This isn’t just impractical.
It’s morally indefensible.
Consider a parent with a five-year-old child entering kindergarten today.
Or a parent with a 5th grader entering middle school who has seen the abysmal rates of engagement in middle and high school.
When education reformers talk about “systemic change” and “long-term transformation,” they’re effectively telling this parent:
“Your child will be a casualty of a broken system, but perhaps your grandchildren will benefit.”
No parent would accept this bargain in any other context.
We wouldn’t tell parents to wait decades for their children to have access to safe food or properly tested car seats.
Yet somehow, when it comes to education, we’ve normalized the idea that generational sacrifice is acceptable.
The problem goes deeper than just timing.
American education is trending in the wrong direction by almost every meaningful metric.
- Test scores are declining.
- The achievement gap is widening.
- Teacher burnout is accelerating.
- Student mental health is deteriorating.
- Even basic literacy and numeracy are falling behind international peers.
This isn’t a system in need of gentle reform. It is a system in active and accelerated decline.
We don’t need reform but wholesale replacement.

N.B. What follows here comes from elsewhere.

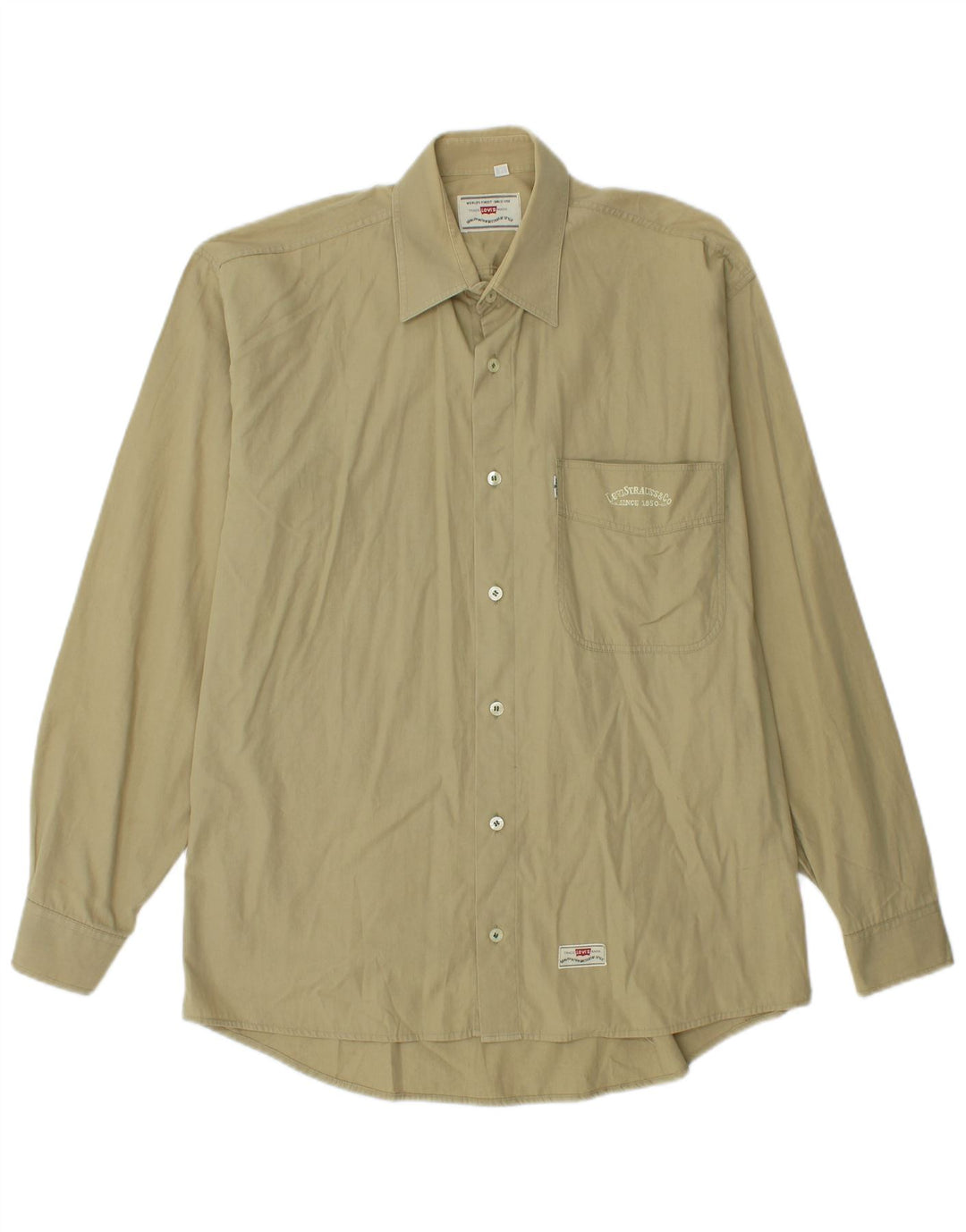 Levi's Mens Shirt Medium Khaki Cotton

The corporate world offers a sobering parallel.
When large organizations lose their way due to inadequate product innovation, bureaucracy, misaligned incentives, and talent drain, they rarely recover. Even with clear profit motives and quarterly accountability, the success rate for major corporate transformations and turnaround is dismally low.
Now consider education: a sprawling, federated system with competing interests, byzantine bureaucracy, highly gameable incentives and virtually no accountability.
Making things worse is the education-industrial complex (a web of textbook publishers, testing companies, technology providers, etc) which all have vested interests in preserving the status quo.
Expecting this system to reform itself is like expecting a turkey to vote for Thanksgiving.
Yet we keep having the same conversations about reform, as if one more policy tweak or funding increase or new whiz bang technology will somehow produce different results.
This is magical thinking.
The system isn’t broken because it lacks resources or ideas.
It’s broken by design.
The incentives, structure, and scale of American education make meaningful reform virtually impossible.
But here’s the good news: we don’t have to fix the existing system. We’ve seen this before as new models enabled consumers to route around entrenched industries in other sectors.
- Amazon vs retail: Shopping moved from shelves to clicks.
- Uber vs transport: Rides hailed by app, not by chance.
- Podcasts vs media: Voices bypassed gatekept networks to find audience directly.
- Airbnb vs hotels: Homes became hotels, one stay at a time.
- Spotify vs music industry: Playlists replaced the album.
In education, there are new models that are emerging that are letting families bypass the traditional education system entirely:
- Microschools: Small, adaptive learning communities that replace traditional schooling, like Acton Academy, Wildflower, Prenda or Primer.
- Hybrid Homeschooling: Flexible programs combining home education with structured in-person classes, such as Archer Academics, The Cottage School Network, and Classical Conversations.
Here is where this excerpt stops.